Ontario MPP
- In office 1985–1990
- Preceded by: Andy Watson
- Succeeded by: Randy Hope
- Constituency: Chatham—Kent

Member of the Canadian Parliament for Kent
- In office 1980–1984
- Preceded by: John Robert Holmes
- Succeeded by: Elliott Hardey

Personal details
- Born: April 1, 1929 Orford, Ontario
- Died: November 29, 2008 (aged 79) Chatham, Ontario
- Party: Liberal
- Other political affiliations: Ontario Liberal Party
- Spouse: Margaret Lanckriet
- Children: 7
- Occupation: Farmer

= Maurice Bossy =

Canadian politician

Maurice Louis Bossy (April 1, 1929 – November 29, 2008) was a politician in Ontario, Canada. He was a Liberal member of the House of Commons of Canada from 1980 to 1984, and represented the Ontario Liberal Party in the Legislative Assembly of Ontario from 1985 to 1990.

==Background==
Bossy was educated at Pain Court, Ontario, and worked for many years as a farmer, and a traveling fertilizer salesman for Canada Packers. He served on several Kent County School Boards in the late 1960s, and was also a member of the Royal Canadian Legion and Knights of Columbus, was active in RC Parish Council in both home parishes in Dresden and Chatham, performed as part of a local dance band specializing in polka music.

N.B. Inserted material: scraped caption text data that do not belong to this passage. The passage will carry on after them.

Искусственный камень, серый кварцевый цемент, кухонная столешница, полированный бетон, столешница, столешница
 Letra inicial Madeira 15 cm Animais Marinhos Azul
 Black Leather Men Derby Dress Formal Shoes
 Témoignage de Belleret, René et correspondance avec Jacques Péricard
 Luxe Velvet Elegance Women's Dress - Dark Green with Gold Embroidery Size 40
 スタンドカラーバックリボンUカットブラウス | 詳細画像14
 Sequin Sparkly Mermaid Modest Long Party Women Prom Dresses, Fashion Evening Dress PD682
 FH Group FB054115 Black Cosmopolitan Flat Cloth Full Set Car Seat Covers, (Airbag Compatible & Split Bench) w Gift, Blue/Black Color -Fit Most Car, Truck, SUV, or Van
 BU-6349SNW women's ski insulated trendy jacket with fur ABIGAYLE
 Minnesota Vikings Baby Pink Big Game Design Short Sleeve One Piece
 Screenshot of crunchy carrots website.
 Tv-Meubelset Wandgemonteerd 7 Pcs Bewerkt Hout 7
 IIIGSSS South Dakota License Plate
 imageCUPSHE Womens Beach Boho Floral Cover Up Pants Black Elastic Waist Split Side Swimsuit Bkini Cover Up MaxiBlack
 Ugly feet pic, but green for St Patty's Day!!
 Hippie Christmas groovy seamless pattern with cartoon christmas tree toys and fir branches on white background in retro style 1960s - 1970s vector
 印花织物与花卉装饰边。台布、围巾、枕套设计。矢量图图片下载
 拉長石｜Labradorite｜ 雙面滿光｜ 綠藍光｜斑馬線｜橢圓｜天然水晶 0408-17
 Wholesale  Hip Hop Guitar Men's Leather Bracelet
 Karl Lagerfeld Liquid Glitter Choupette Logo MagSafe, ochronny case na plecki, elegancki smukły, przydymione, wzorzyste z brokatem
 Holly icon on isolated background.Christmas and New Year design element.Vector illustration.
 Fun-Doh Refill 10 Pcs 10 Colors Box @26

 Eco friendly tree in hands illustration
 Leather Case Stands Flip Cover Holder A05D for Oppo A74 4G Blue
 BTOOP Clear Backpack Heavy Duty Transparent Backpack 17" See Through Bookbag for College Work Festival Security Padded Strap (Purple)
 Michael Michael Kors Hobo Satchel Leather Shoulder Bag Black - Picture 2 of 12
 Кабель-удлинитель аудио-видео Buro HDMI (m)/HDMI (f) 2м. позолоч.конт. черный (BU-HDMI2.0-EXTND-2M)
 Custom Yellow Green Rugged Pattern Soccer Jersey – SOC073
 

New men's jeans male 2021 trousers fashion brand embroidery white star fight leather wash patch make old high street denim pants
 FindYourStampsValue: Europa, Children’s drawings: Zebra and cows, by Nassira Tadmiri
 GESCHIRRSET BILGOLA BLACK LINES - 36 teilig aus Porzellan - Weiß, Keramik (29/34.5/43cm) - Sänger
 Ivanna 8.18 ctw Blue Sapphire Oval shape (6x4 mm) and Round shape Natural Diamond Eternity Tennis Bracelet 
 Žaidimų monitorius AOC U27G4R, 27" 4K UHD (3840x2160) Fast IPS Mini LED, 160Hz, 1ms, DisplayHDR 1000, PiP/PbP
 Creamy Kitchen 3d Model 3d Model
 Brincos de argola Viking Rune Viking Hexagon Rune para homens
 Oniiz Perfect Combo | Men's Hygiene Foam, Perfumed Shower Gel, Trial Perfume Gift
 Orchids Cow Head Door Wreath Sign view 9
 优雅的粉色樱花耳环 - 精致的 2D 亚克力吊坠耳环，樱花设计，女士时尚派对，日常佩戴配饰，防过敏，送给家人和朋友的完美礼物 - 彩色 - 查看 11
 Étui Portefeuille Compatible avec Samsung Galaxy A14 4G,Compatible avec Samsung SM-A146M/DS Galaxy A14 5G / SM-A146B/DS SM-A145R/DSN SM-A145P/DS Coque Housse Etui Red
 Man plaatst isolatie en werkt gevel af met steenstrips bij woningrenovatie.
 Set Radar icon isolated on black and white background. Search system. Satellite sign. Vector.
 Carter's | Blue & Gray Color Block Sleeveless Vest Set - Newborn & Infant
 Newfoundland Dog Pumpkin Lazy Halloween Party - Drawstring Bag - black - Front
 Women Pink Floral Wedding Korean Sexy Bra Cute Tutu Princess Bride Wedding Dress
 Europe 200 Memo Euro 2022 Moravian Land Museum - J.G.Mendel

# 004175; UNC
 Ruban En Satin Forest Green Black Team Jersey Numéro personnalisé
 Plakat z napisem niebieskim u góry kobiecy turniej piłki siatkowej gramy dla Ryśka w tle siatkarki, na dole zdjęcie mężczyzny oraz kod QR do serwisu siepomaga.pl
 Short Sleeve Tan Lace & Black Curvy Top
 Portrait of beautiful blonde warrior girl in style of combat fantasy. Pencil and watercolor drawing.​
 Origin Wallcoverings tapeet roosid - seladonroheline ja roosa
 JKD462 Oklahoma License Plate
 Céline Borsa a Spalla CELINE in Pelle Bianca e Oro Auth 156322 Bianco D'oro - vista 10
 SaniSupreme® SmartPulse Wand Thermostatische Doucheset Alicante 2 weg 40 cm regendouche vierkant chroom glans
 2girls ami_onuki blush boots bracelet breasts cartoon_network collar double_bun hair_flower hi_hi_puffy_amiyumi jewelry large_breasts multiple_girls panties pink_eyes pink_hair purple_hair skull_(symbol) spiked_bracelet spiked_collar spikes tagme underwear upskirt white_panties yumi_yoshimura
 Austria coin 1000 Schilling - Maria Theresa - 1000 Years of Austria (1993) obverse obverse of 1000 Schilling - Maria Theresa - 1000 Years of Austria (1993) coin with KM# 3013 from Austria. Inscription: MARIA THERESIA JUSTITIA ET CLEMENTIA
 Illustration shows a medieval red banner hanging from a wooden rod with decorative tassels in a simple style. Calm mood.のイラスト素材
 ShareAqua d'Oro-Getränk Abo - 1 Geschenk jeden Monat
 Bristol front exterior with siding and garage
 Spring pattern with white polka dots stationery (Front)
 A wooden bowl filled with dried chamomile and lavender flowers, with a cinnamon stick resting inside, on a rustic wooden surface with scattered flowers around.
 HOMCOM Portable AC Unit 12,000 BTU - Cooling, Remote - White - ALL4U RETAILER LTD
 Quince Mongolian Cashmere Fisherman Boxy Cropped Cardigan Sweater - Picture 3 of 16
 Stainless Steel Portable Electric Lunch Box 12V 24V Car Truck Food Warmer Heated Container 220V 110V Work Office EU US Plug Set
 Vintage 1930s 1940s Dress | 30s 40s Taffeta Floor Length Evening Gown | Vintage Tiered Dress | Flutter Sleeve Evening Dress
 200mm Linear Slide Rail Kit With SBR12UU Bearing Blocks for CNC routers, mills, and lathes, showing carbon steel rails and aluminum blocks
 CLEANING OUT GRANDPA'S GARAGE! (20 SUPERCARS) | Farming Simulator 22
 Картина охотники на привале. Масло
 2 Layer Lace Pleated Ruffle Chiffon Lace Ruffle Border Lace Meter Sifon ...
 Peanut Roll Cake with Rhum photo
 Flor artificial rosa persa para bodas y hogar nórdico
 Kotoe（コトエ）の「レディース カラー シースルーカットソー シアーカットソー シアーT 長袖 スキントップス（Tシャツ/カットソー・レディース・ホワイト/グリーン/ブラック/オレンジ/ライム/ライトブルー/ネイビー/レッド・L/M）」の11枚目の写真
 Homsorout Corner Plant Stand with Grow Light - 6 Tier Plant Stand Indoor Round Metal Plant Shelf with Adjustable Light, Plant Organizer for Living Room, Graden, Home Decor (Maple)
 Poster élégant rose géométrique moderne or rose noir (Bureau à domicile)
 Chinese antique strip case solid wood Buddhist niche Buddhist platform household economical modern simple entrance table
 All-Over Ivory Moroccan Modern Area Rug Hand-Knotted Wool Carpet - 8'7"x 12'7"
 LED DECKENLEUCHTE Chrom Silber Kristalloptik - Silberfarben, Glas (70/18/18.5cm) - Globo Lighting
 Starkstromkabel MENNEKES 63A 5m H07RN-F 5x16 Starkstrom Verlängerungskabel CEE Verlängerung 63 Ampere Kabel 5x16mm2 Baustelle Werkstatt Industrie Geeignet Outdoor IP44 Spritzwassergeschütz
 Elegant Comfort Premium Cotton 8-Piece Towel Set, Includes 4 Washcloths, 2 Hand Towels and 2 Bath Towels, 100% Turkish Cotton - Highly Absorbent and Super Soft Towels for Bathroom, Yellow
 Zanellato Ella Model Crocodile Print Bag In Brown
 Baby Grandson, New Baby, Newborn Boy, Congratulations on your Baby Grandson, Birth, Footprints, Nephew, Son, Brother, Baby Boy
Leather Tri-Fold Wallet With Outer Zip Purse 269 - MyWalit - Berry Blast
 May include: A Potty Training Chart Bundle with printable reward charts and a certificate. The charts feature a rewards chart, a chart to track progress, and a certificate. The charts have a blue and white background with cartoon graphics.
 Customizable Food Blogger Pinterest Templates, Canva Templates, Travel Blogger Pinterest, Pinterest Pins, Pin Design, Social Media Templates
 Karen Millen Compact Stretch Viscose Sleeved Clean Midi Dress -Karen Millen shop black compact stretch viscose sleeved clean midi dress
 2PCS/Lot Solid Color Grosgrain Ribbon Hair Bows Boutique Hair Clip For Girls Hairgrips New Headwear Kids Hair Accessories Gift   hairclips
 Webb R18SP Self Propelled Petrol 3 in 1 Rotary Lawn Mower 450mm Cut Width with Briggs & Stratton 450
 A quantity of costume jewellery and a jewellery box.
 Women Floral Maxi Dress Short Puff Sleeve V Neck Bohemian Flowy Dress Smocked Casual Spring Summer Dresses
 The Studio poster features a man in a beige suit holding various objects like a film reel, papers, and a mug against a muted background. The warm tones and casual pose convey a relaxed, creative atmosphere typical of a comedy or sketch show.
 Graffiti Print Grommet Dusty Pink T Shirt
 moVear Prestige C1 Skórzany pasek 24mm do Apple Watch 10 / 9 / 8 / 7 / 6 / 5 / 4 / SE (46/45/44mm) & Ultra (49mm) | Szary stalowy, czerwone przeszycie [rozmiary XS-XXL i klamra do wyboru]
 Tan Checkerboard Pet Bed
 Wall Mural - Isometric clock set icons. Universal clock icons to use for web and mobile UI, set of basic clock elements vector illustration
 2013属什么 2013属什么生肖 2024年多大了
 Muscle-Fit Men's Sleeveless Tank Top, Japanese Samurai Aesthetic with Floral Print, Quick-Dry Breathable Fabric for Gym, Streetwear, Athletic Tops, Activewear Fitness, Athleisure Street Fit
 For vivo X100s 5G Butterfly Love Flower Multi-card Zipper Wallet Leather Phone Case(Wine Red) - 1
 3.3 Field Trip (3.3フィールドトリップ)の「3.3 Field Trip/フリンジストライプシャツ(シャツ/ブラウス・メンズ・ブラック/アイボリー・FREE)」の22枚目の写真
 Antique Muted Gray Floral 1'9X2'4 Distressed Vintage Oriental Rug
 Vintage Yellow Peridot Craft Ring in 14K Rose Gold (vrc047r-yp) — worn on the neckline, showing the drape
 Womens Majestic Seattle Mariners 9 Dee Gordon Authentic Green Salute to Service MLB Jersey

Bossy married Margaret Lanckriet in 1950 and together they raised 7 children.

==Federal politics==
Bossy was elected to the House of Commons in the federal election of 1980, defeating Progressive Conservative incumbent Bob Holmes by 847 votes in the southwestern Ontario riding of Kent. He served as parliamentary secretary to the Minister of Supply and Services from March 1 to September 30, 1982, and to the Secretary of State for Canada from October 1, 1982, to February 29, 1984.

The Liberals were defeated in the 1984 federal election, and Bossy lost to Progressive Conservative Elliott Hardey by over 5,000 votes.

==Provincial politics==
The following year, having been recruited by new provincial Liberal leader David Peterson, Bossy sought election for the Ontario Liberal Party in the riding of Chatham—Kent, and defeated incumbent Progressive Conservative Andy Watson by 1,134 votes. The Liberals formed a minority government after this election and Bossy was appointed as parliamentary assistant to the Minister of Housing in 1987. He was re-elected by an increased margin in the 1987 provincial election, in which Peterson's Liberals won a landslide majority.

The Liberals were defeated in the 1990 provincial election, and Bossy too, losing his legislative seat to New Democrat Randy Hope by almost 4,000 votes.

==Later life==
In 1994, Bossy signed a petition calling for the introduction of an ethanol industry in Canada.